La parola magica da inserire nel curriculum è «master». Non basta più scrivere che si è laureati, nemmeno se a pieni voti e con il bacio accademico. Quella ormai è roba che fa effetto solo a mamma e papà, fotografie buone a prendere polvere sui comò di casa. Le aziende cercano altro, vogliono di più. Ora la chiave di accesso per il mondo del lavoro è la specializzazione, altrimenti, adios posto fisso, si può sperare al massimo in uno stage non retribuito.
Proprio così, gli uffici del personale preferiscono i titoli di studio: più specializzato sei in un settore, più hai possibilità di firmare il contratto. La richiesta dei lavoratori pluri-titolati, soprattutto ingegneri, è in crescita. Tanto che nel 2008, per la prima volta dopo dieci anni, il numero di laureati e diplomati all’interno delle aziende è pari alla metà degli assunti. Un dipendente su due ha completato il percorso di studio fino ai gradini più alti. È quanto emerge da un’indagine condotta da Unioncamere che legge nell’iper-selezione una risposta alla crisi economica e al ristagno dei consumi. «Le imprese si riorganizzano per aumentare la qualità dei prodotti e dei servizi». E per farlo vogliono menti fresche ma strapreparate. Saranno 88mila i neoassunti con laurea nel 2008: la metà con una laurea specialistica, il 20 per cento con in mano una laurea breve.
Il datore di lavoro vuole titoli, meglio se di nicchia? Detto fatto. Ecco che fioccano i master universitari. Di ogni tipo, in ogni università: specializzazione in enologia, in accessi venosi, in progettazione degli yacht, in costruzioni con la pietra. E ancora, in design dell’automobile, in food and beverage, in problemi della deglutizione, in gestione delle strutture di benessere. Uno dei filoni più quotati è quello dell’architettura dell’ambiente con tutte le sotto specializzazioni annesse e connesse.
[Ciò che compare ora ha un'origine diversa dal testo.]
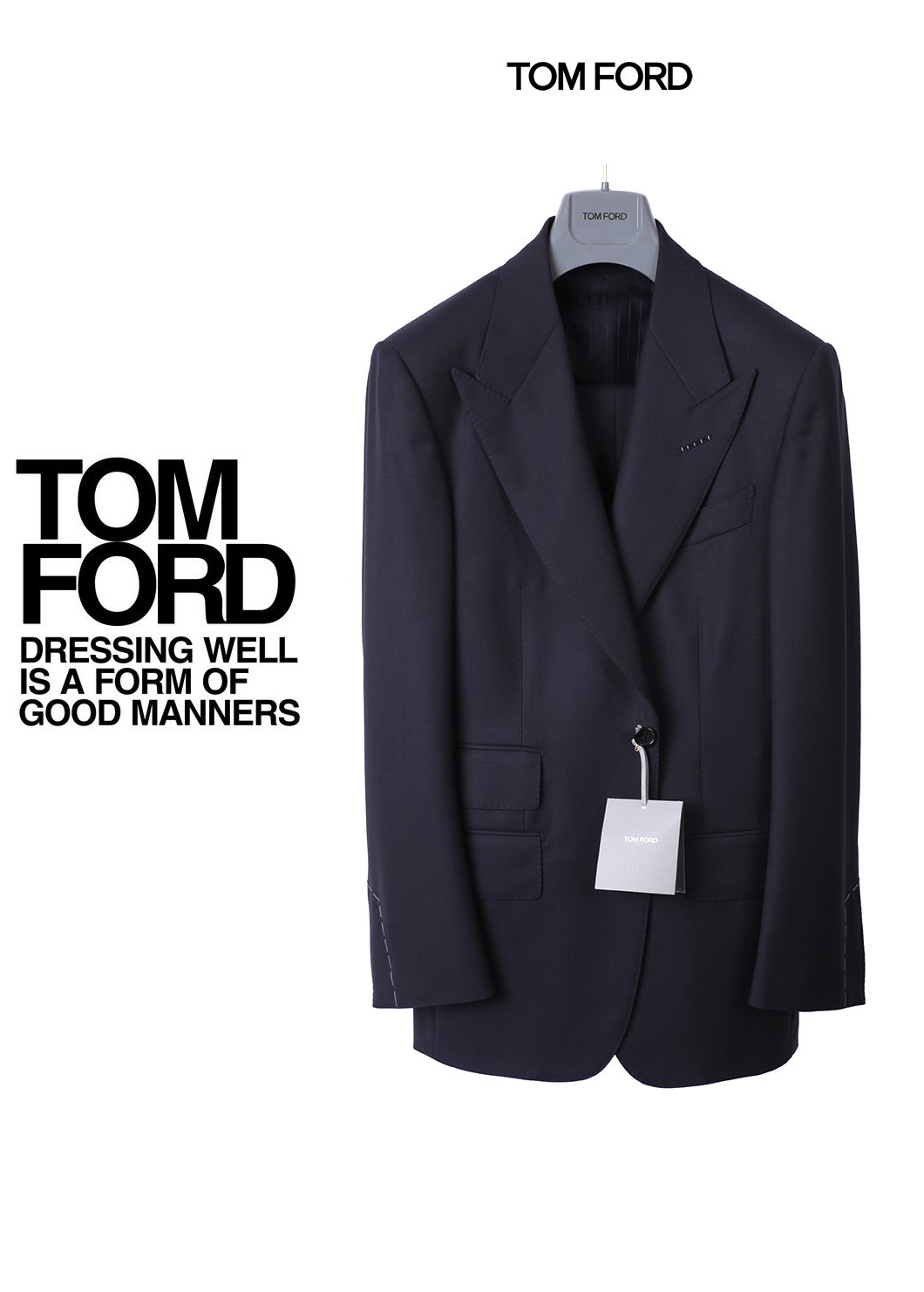 TOMFORD Windsor Suit-Dark Navy
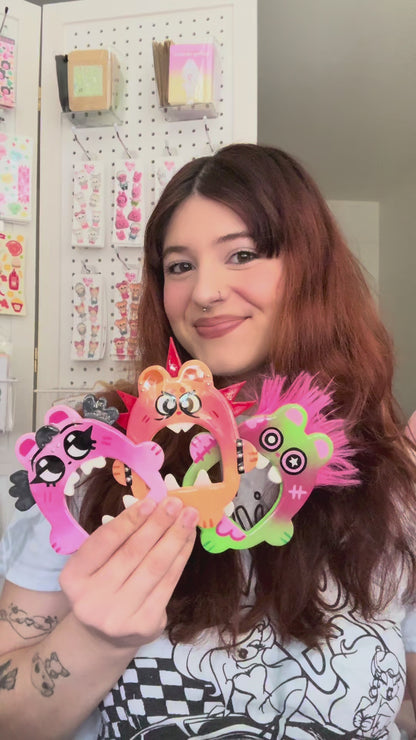 hair bears! (hair barrettes)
Una scelta ampia. Pure troppo. «C’è indubbiamente un eccesso di offerta - commenta Giovanni Valotti, responsabile della divisione master dell’università Bocconi - e questo crea confusione. Molti corsi proposti non riscuotono successo e vengono chiusi. Non è semplice acquistare un buon master che garantisca una preparazione di qualità e che soprattutto assicuri un posto di lavoro».
Altro punto critico, appunto. Il master costa una fortuna: si va dai duemila ai diecimila euro all’anno. Ma poi si è sicuri di trovare lavoro? E soprattutto: con che stipendio? Ottocento euro al mese e basta? «Dipende - precisa Valotti -. I dati dimostrano che chi frequenta un master trova lavoro velocemente. Per quanto riguarda la retribuzione, gli inquadramenti spesso non sono al primo livello. Soprattutto certi master, penso al Mba, permettono di raddoppiare lo stipendio. Chi li frequenta deve già avere un’esperienza di lavoro di almeno due anni».
Quello che manca forse è il dialogo con le aziende. C’è ma non sempre è sufficiente. Insomma, l’ateneo che organizza un master a numero chiuso dovrebbe calcolare in anticipo quanti studenti potranno poi trovare lavoro per non lasciarli «a spasso». «Sì - spiega il direttore bocconiano -. Ovviamente prima di lanciare un master facciamo un’indagine di mercato ma di certo non li realizziamo “su commissione” delle aziende».
Statistiche a parte, la scelta del corso di laurea avviene ancora per passione e non per opportunità lavorative. I ragazzi che scelgono il percorso di studi in cui avventurarsi lo fanno ancora seguendo le proprie inclinazioni, i propri sogni. Chi con le idee chiare, chi un po’ più titubante.